Supplied material Block Start
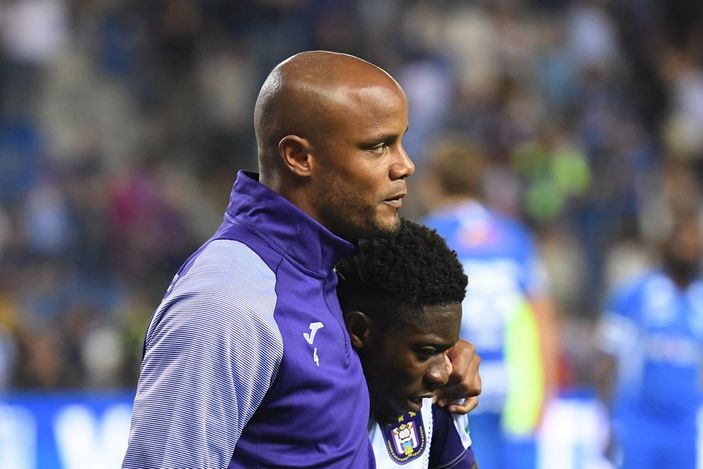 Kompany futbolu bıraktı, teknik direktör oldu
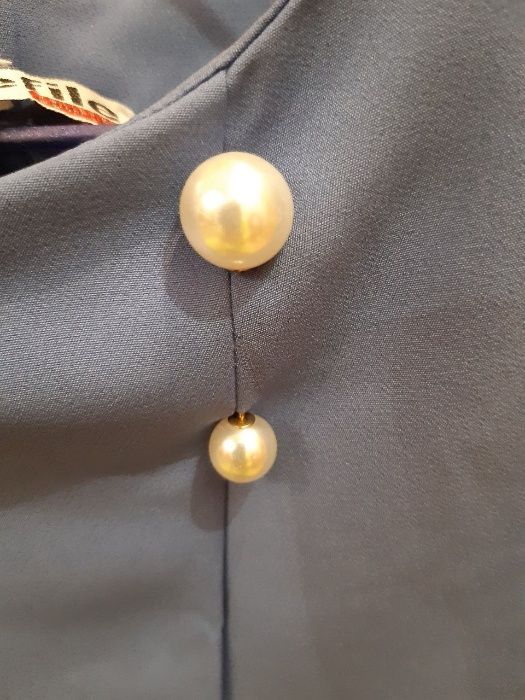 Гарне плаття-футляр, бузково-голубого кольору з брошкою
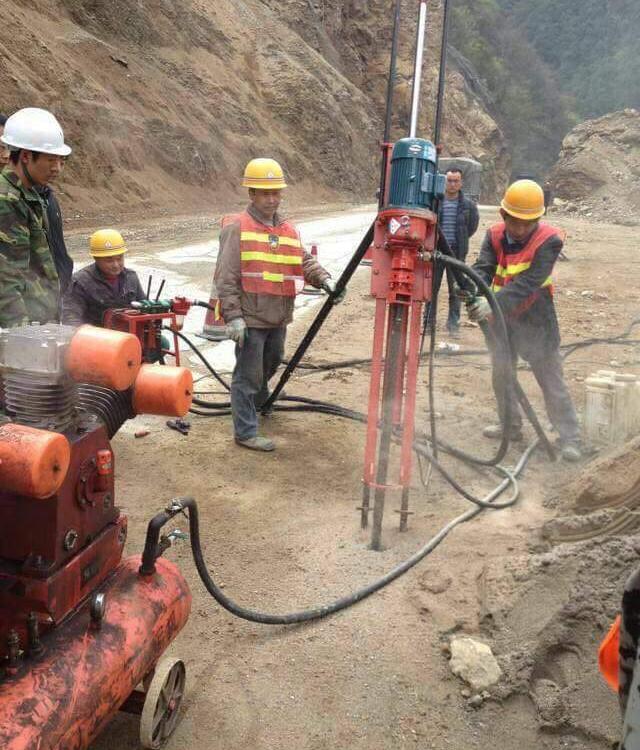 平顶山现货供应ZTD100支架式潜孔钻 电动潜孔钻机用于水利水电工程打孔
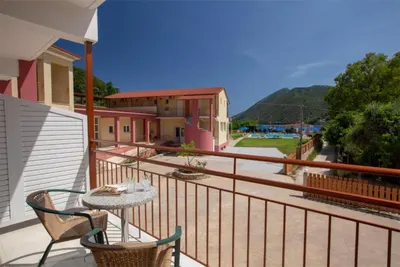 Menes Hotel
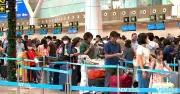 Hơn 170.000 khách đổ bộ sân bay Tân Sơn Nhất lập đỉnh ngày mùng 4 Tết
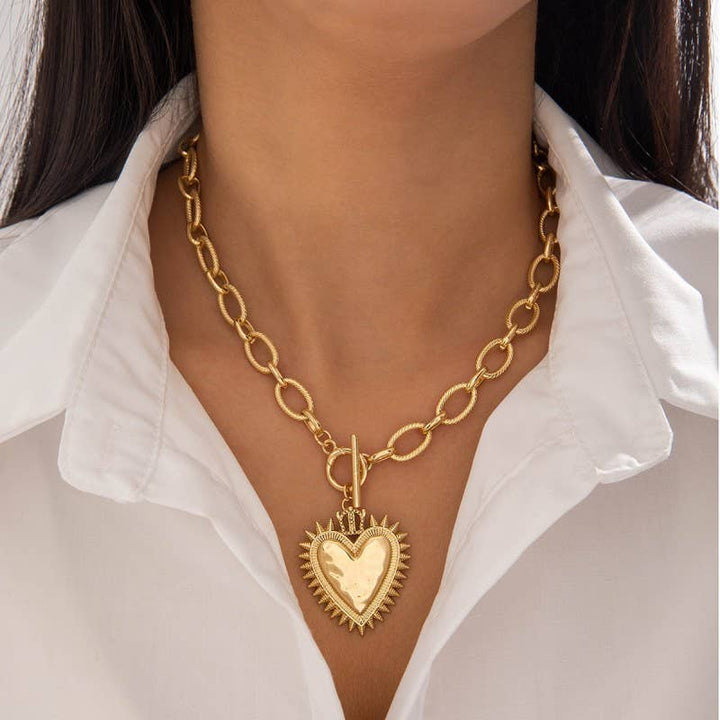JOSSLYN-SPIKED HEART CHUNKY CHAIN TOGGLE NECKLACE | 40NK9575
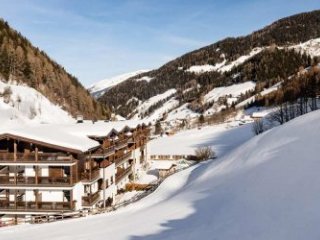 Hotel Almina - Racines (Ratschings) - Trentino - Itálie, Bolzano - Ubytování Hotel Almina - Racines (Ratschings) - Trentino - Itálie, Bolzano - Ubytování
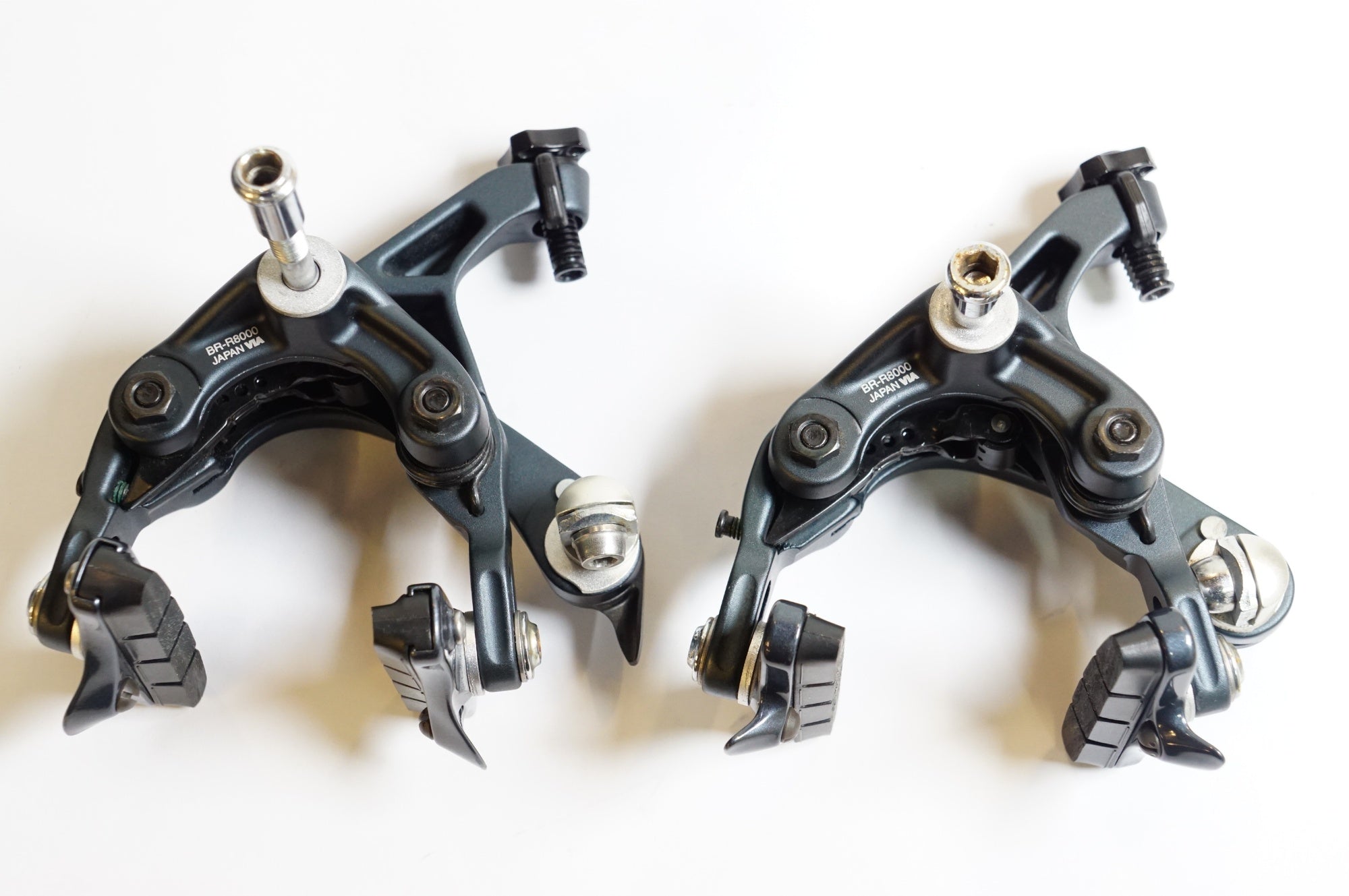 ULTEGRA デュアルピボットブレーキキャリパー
Supplied material Block End
### Task
Write the records out again in full, exactly, and skip every picture.

### Answer
 Kompany futbolu bıraktı, teknik direktör oldu
 Гарне плаття-футляр, бузково-голубого кольору з брошкою
 平顶山现货供应ZTD100支架式潜孔钻 电动潜孔钻机用于水利水电工程打孔
 Menes Hotel
 Hơn 170.000 khách đổ bộ sân bay Tân Sơn Nhất lập đỉnh ngày mùng 4 Tết
JOSSLYN-SPIKED HEART CHUNKY CHAIN TOGGLE NECKLACE | 40NK9575
 Hotel Almina - Racines (Ratschings) - Trentino - Itálie, Bolzano - Ubytování Hotel Almina - Racines (Ratschings) - Trentino - Itálie, Bolzano - Ubytování
 ULTEGRA デュアルピボットブレーキキャリパー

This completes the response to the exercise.